Constructed at Dakota at Dakota Creek Industries (DCI), the navy-owned, advanced oceanographic research vessels have the capability of carrying sufficient supplies and support systems to stay at sea for up to 40 days, covering up to 10,000 nautical miles and withstanding high sea and wind conditions.
These capabilities, combined with the ability to operate 75% of the time during the Pacific Northwest and North Atlantic’s winter months and powerful ocean exploration equipment and instrumentation, will provide for superior operations. The highly developed equipment includes:
- A multibeam seafloor mapping system for deep and shallow water
- A sub-bottom profiler to map sediments below the seafloor
- An acoustic doppler current profiler to map currents throughout the water column
- Precise navigation tools for tracking instruments in the water beneath the ship
- An array of networked sensors to measure atmospheric and ocean properties.

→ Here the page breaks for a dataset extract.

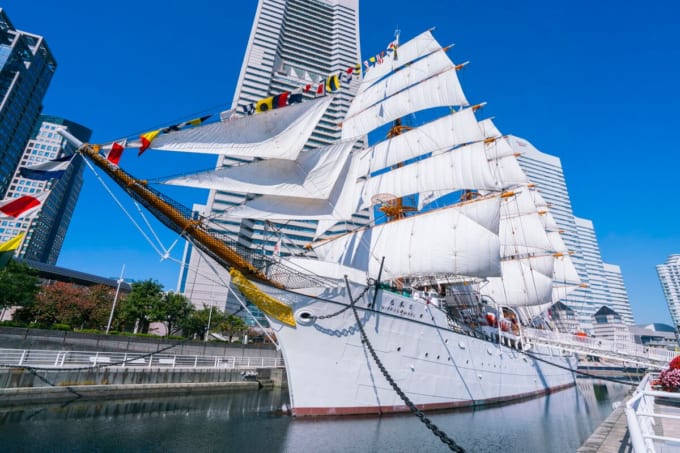 帆船日本丸「総帆展帆」（横浜みなとみらい）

The total variable science load, in part stored in up to 2,000 ft² of internal labs and facilities, is 100-200 long tons. These facilities include a wide variety of lab types with re-configurable benches, cabinetry and special electrical requirements, storage for hazardous materials, repair facilities for equipment and systems providing uncontaminated seawater.
Besides the indoor facilities, the scientists require a 2,000 ft² working area in the stern up top that can handle a range of temporary equipment, 80 ft² of clear deck area alongside one rail, as well as a range of recovery equipment, including winches, wires, cranes, frames, booms and others. Other deck areas will be used to handle incubators, vans, workboats and other temporary equipment.
Acoustic characteristics of the vessel are another important factor in this project due to sensitive instrumentation and experiments, as well as modern crew comfort requirements. The vessel was designed to meet all Navy noise and vibration requirements through a careful analysis of equipment selection and location, as well as noise insulation treatments.
Emphasis was also placed on the vessel’s ability to operate in rough weather for extended periods of time in a safe and efficient manner. This required GPA to integrate many different systems for remote and automated controls. Major systems include:
- Integrated Diesel-Electric Plant Design with ABS ACCU notation
- Dynamic Positioning capabilities and precise vessel maneuvering requirements
- State of the art deck handling systems with high levels of remote operation capability.